# How to complete this task
Retype the data below exactly; skip every image.

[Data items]
Segment Open

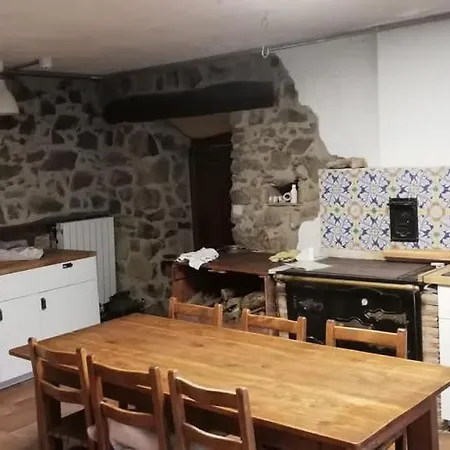 Casa de Férias Casa 21 En La Naturaleza A 45 Minutos De Donosti Y Bilbao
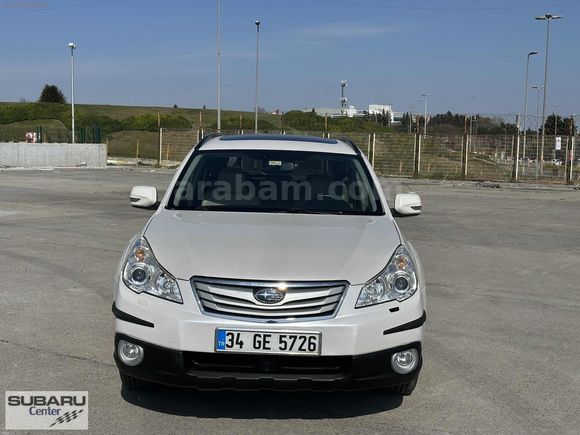 Subaru Center'dan 2010 Outback 2.5 CVT Yetkili Servis Bakımlı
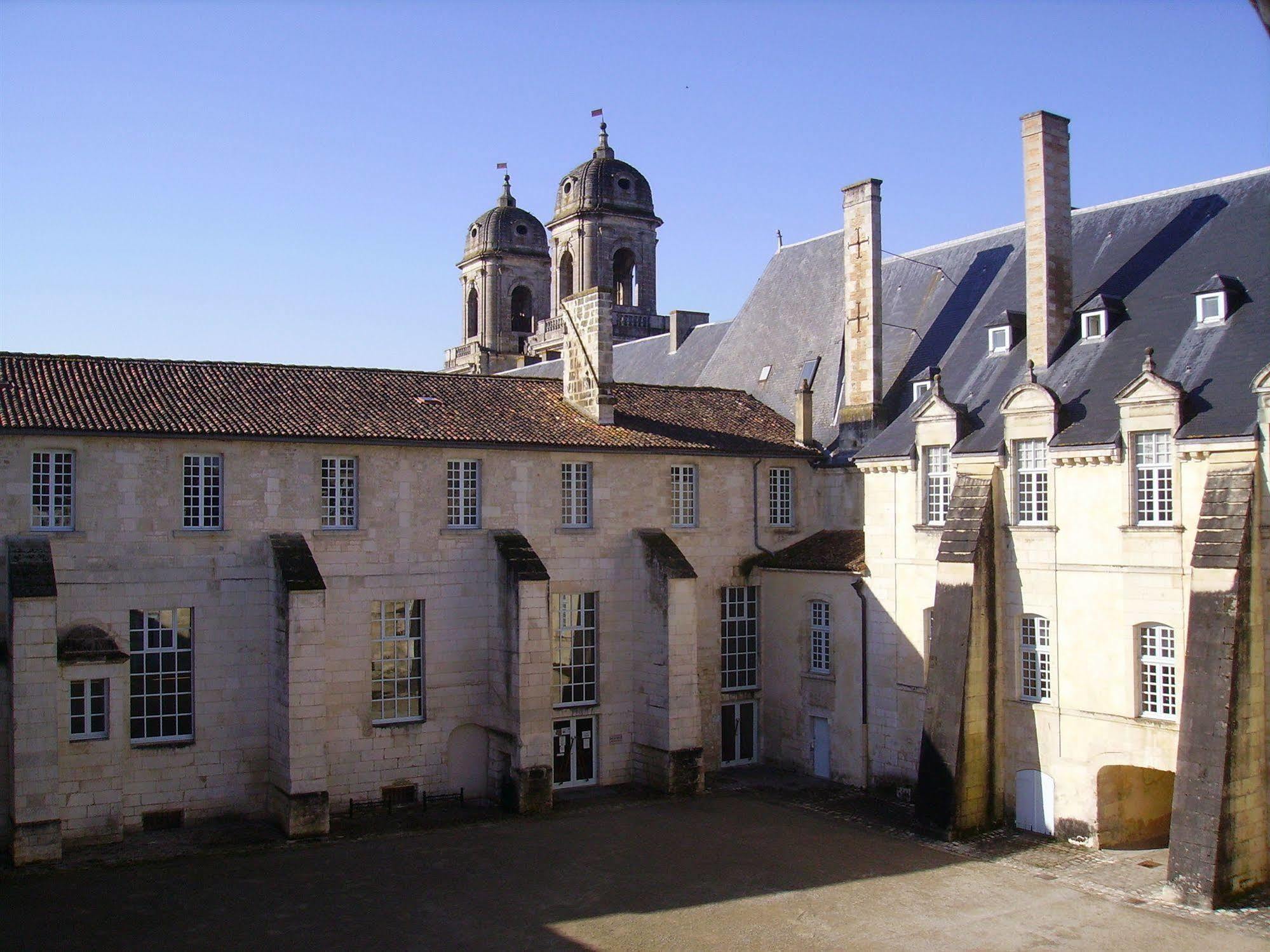 Abbaye Royale Hotel Saint-Jean-dʼAngély Zewnętrze zdjęcie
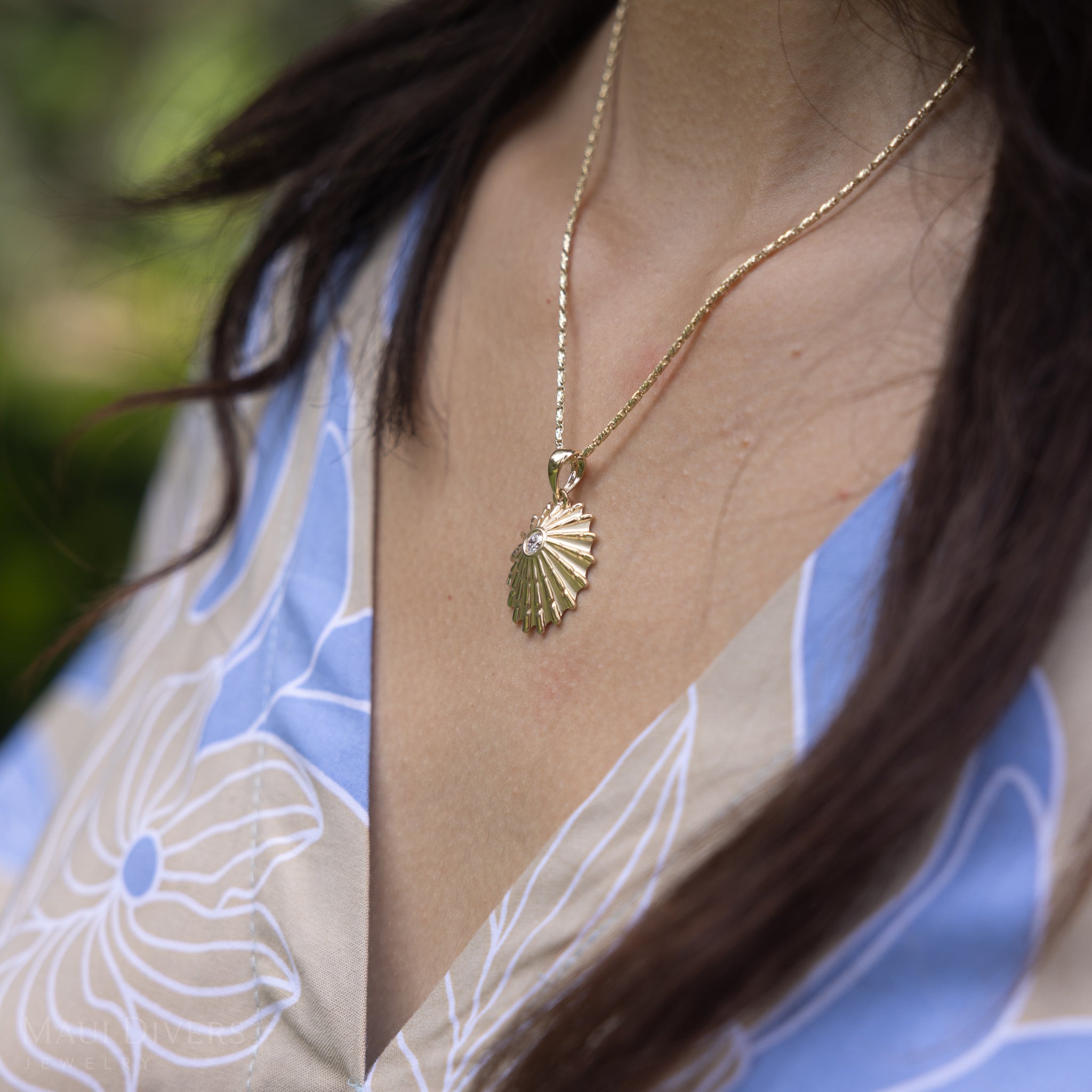 ʻOpihi Pendant in Gold with Lab Grown Diamond - 25mm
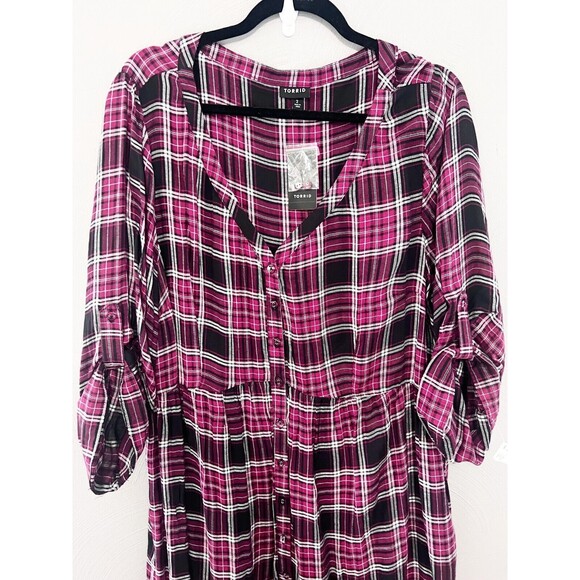 Torrid Womens Plus Dress Sz 2X Red Black Plaid 3/4 Slv V Neck Button Shirt NWT - Picture 3 of 8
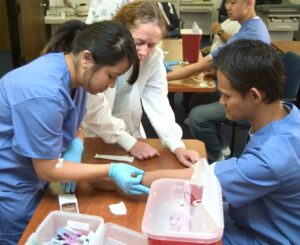 phlebotomy students in training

Segment Closed

# Written solution
 Casa de Férias Casa 21 En La Naturaleza A 45 Minutos De Donosti Y Bilbao
 Subaru Center'dan 2010 Outback 2.5 CVT Yetkili Servis Bakımlı
 Abbaye Royale Hotel Saint-Jean-dʼAngély Zewnętrze zdjęcie
 ʻOpihi Pendant in Gold with Lab Grown Diamond - 25mm
 Torrid Womens Plus Dress Sz 2X Red Black Plaid 3/4 Slv V Neck Button Shirt NWT - Picture 3 of 8
 phlebotomy students in training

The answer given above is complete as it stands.